In ogni caso, analizzando il calendario proposto, al netto di alcune sparute proposte modestamente meritorie e scarsamente finanziate quali salotti letterari, concerti e una borsa di studio, risulta piuttosto evidente come il grosso dei contributi sia stato assegnato a un’associazione in particolare – più qualche altro sporadico soggetto –, la quale ha potuto liberamente realizzare le proprie iniziative su di una piazza interdetta in anni precedenti ad altre organizzazioni, in quanto punto di raccolta dei flussi cittadini in caso di calamità nell’ambito del piano di sicurezza urbana di cui la municipalità si è giustamente dotata (deliberazione n. 10 del 30/01/2017).
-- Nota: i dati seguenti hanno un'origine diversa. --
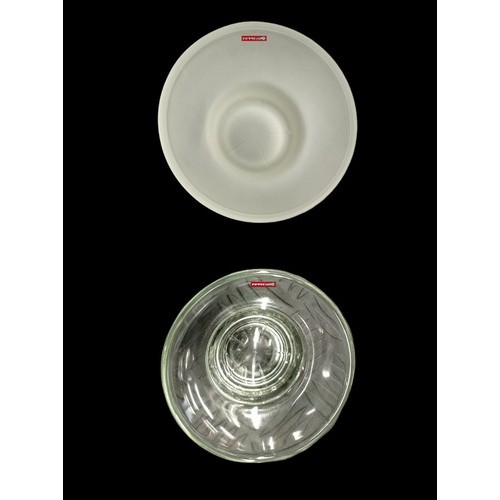 Repuesto Plato Vidrio Jabonera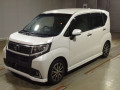 2015 Daihatsu Move Custom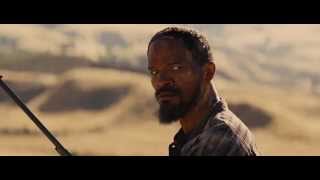 Django Unchained *fan edit* alternate ending \u0026 alternate after credits scene.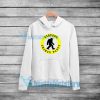 Bigfoot Search Party Hoodie Stay Wild S-5XL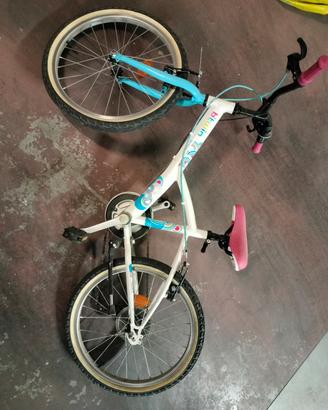 bicicletta bimbo/a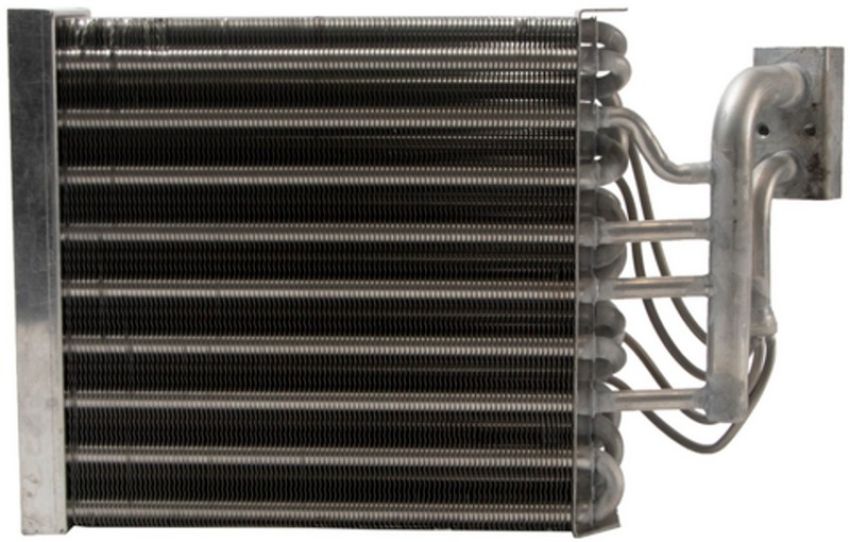 Four Seasons 54107 Tube & Fin Evaporator Core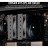 Кулер до процесора Corsair A115 Black (CT-9010011-WW)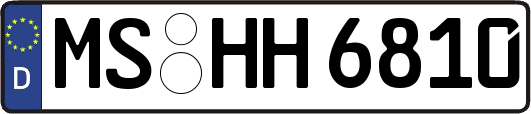 MS-HH6810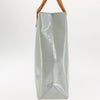 Secondhand Louis Vuitton Reade Handbag Monogram Vernis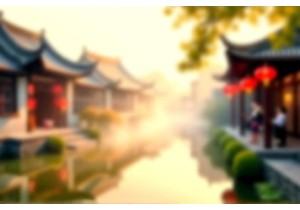 Chengdu Slow Living Find Peace in Sichuan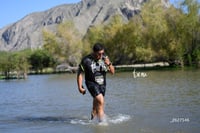 El Cruce, sexta edición 12K y 25K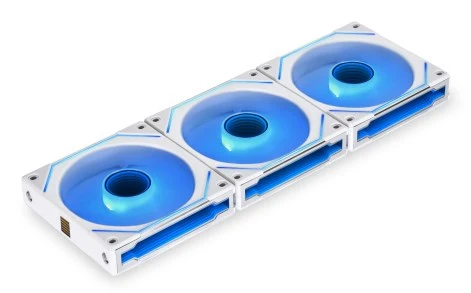 Ventilators Lian Li UNI FAN SL-INF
Ma, sic stantibus rebus, allora perché e sulla base di quale deroga tale spazio viene reso oggi nuovamente agibile e fruibile?
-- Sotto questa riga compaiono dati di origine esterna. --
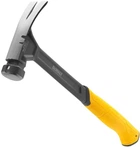 Молоток DeWalt RIP-CLAW цельнометаллический вес головки 624 г (DWHT51006-0)
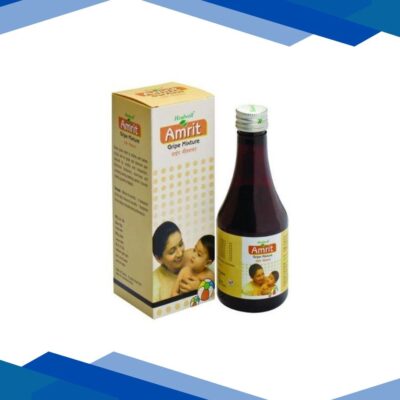 Healwell Amrit Gripe Mixture 200 ml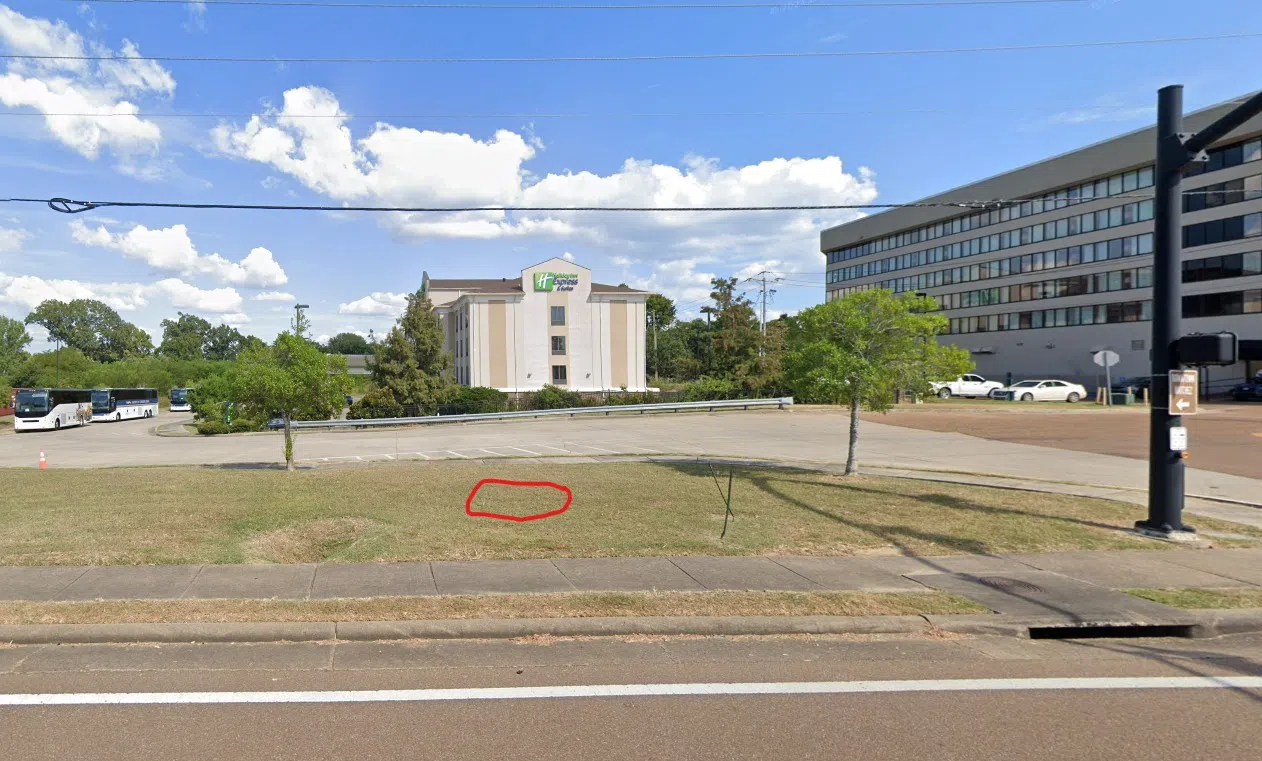 Marker approved for Miss-Lou Memorial Day Parade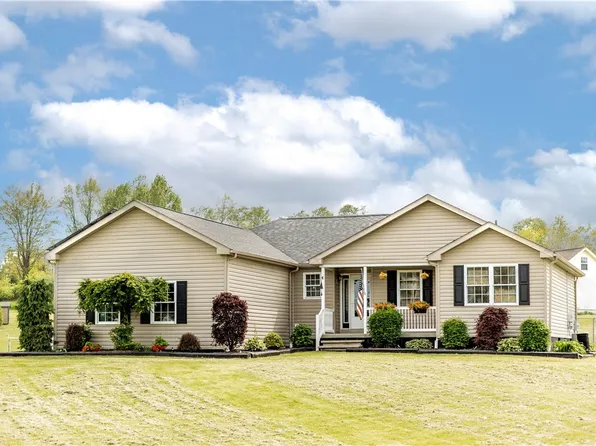 200 Shields Rd, Slippery Rock, PA 16057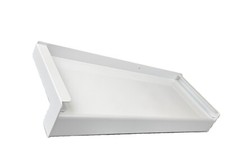 Alu Fensterbank Außen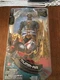 Thundercats Action Figure 6 Inch Scale Mumm-Ra Bandai 2011 New Factory Sealed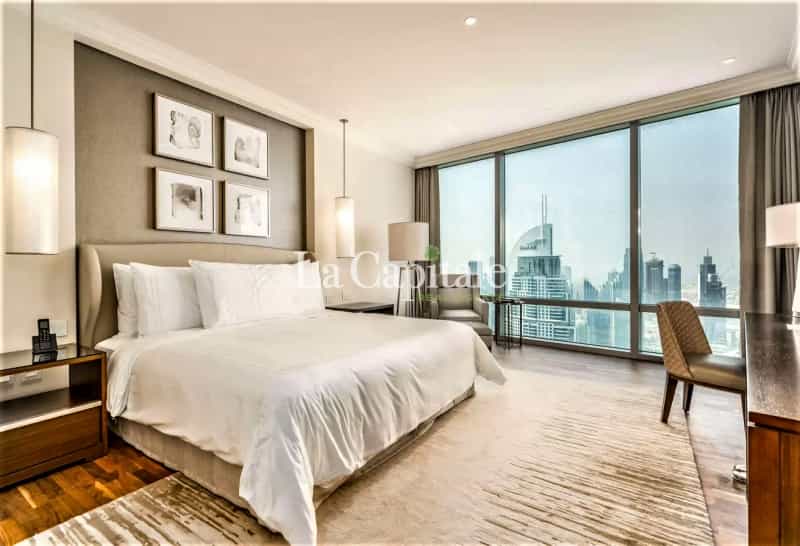 Condominium dans Dubai, Dubaï 10905135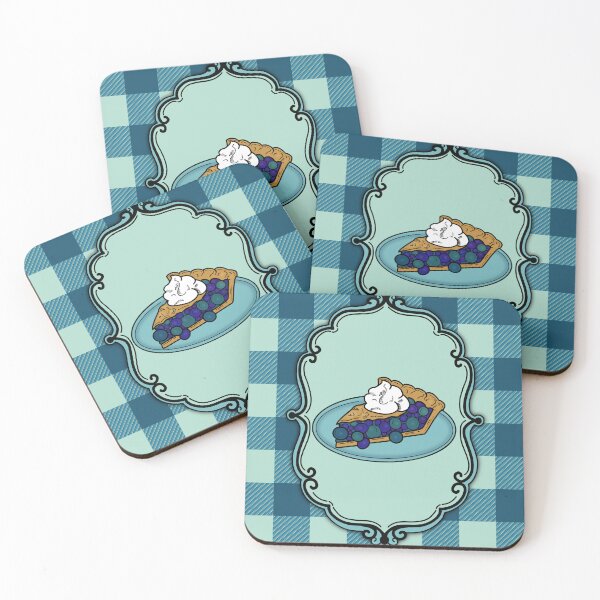 Item preview, Blueberry Pie designed and sold by that-Boleyn.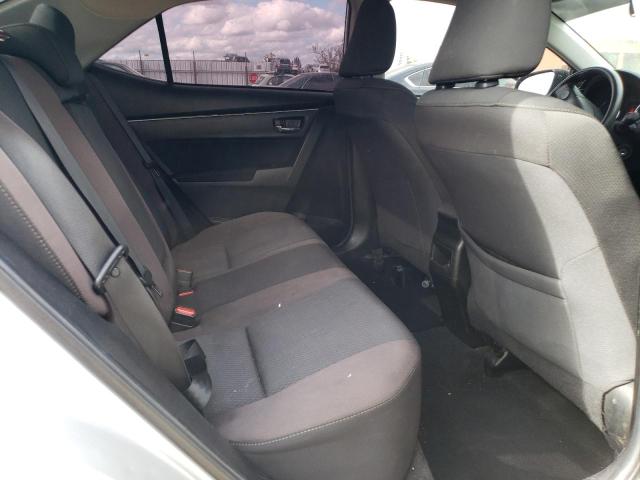 Photo 10 from auction – 2018 TOYOTA COROLLA L with VIN 5YFBURHE2JP799322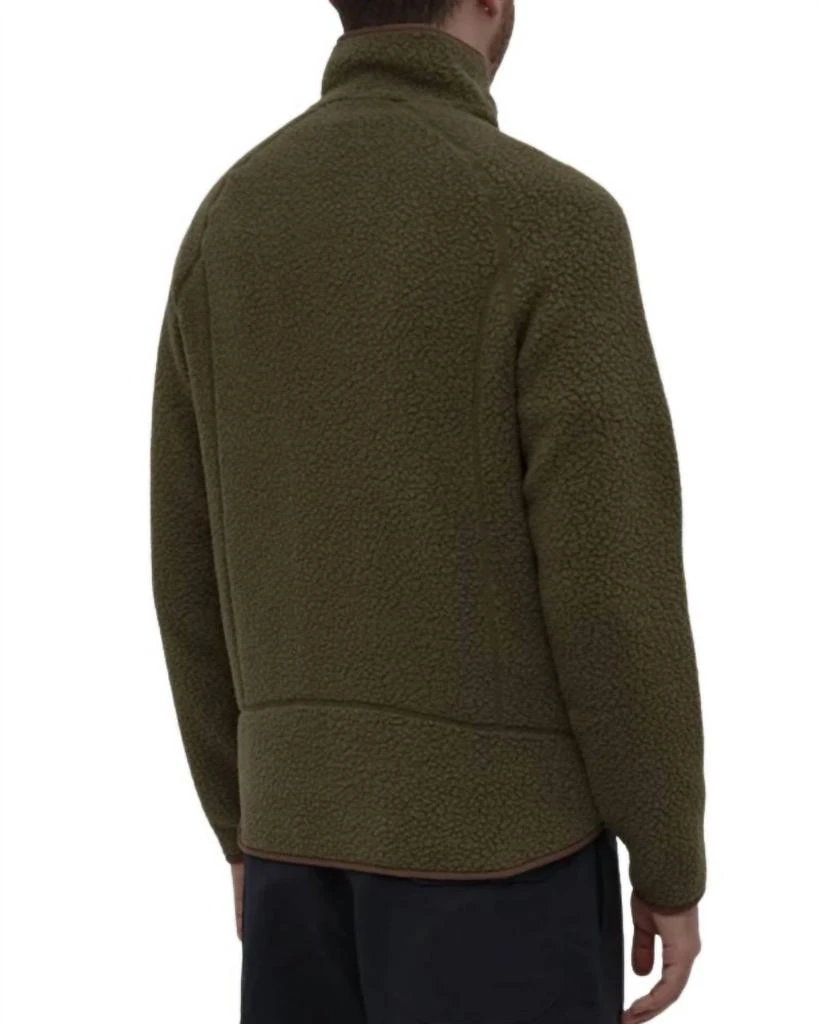 Patagonia Patagonia - Men's Retro Pile Jacket 3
È tutto in quest’ultima domanda inevasa il nocciolo di una questione apertasi l’11 giugno 2018, ovvero all’indomani delle rispettabili, in quanto democratiche, scelte elettorali compiute da parte della maggioranza degli abitanti della piccola città lucana, caduta nuovamente preda di un PD locale che, anche questa volta, non ha di certo mancato di fare molto bene il suo mestiere. Eccola dunque la denuncia, mossa solo da semplice capacità di intendere e volere, dalla forza della libertà e dalla voglia di riscatto da classi non dirigenti che si fanno sineddoche di un malcostume generale imperversando, salvo rare eccezioni, per tutto il Sud Italia e che da decenni, attraverso piccoli, grandi e leciti “ringraziamenti” si (ri)costruiscono di volta in volta verginità e consenso agli occhi della collettività, assecondandone le bassezze anziché elevarne le capacità critiche – e dunque le sorti – producendo, quale fatale ancorché funzionale esito di un tale processo di perpetuo riciclaggio del medesimo, l’affossamento sistematico, o ancor peggio sistemico, delle energie più fresche di ogni territorio, costringendo la parte più vibrante della popolazione a rinnegare – all’insegna del se sono partito è perché non ho partito – le proprie origini e a vergognarsi di essere quel che si è stati. Questo è il trucco, quindi, questo è l’espediente, questo è il grimaldello, il cavallo di Troia, il dramma che si può risolvere solo lanciando un monito a tutti quei giovani che ancora non l’hanno fatto: sollevatevi o fuggite, poiché l’alternativa a un tale gioco al ribasso è solo l’indigenza intellettuale e spirituale, nascosta come polvere sotto tappeti di pessima qualità culturale e, dunque, materiale di una politica che vi vuole servi più che servitori, quaquaraquà anziché ribelli, sudditi anziché donne e uomini liberi di poter dire no, grazie.